▸ **Exercise brief**: Could you restate the whole listing below word for word, minus the pictures?

▸ **Recorded information**:
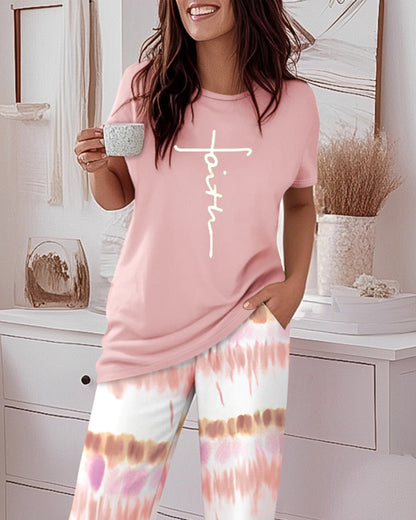 2 Pieces Outfit Letter Print Round Neck Short Sleeve Top And Tie Dye Print Elastic Waist Loose Fit Pants Set Casual Pajamas Set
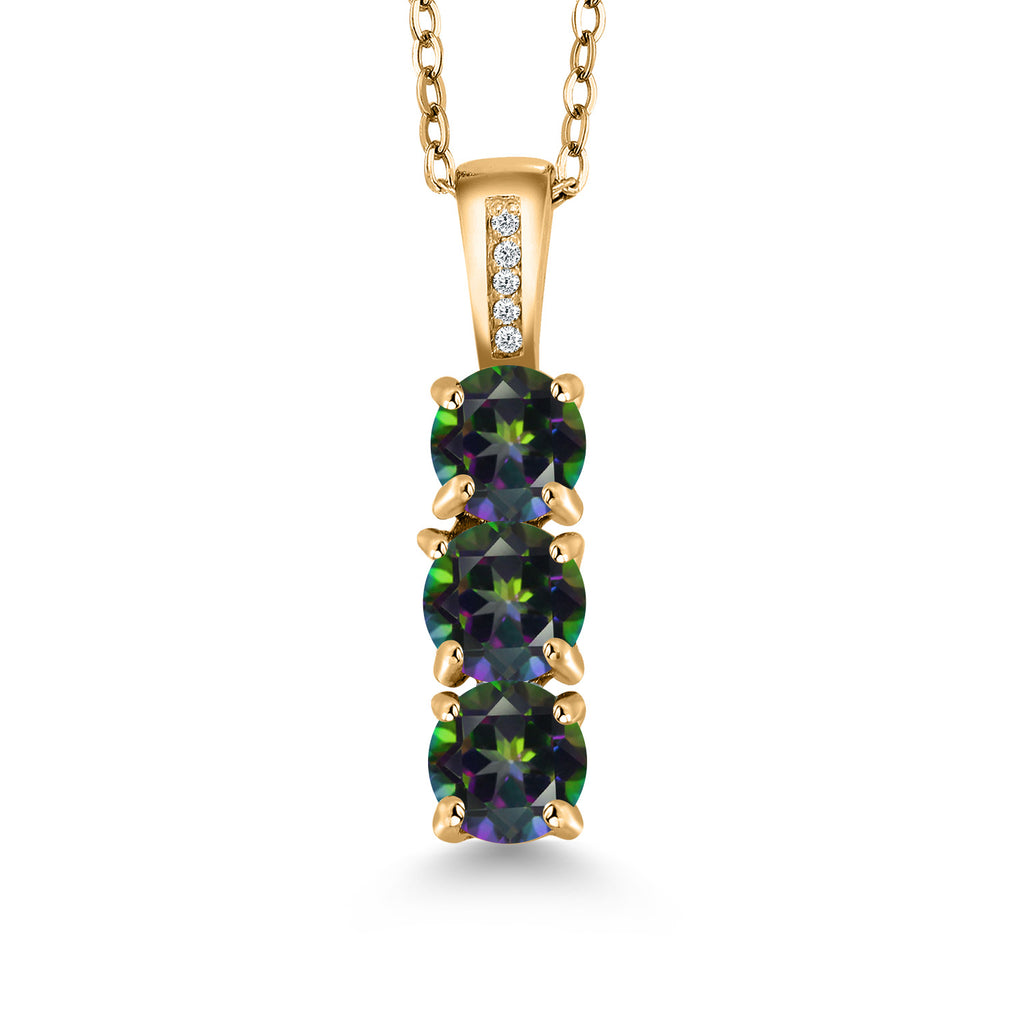 Green Mystic Topaz_Pendant in 925 Yellow Gold Plated Silver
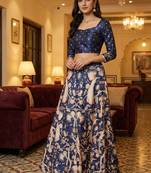 Ethnic Motif Print Satin Semi Stitched Multi Color Croptop & Unstitched Blouse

▸ **Task response**:
 2 Pieces Outfit Letter Print Round Neck Short Sleeve Top And Tie Dye Print Elastic Waist Loose Fit Pants Set Casual Pajamas Set
 Green Mystic Topaz_Pendant in 925 Yellow Gold Plated Silver
 Ethnic Motif Print Satin Semi Stitched Multi Color Croptop & Unstitched Blouse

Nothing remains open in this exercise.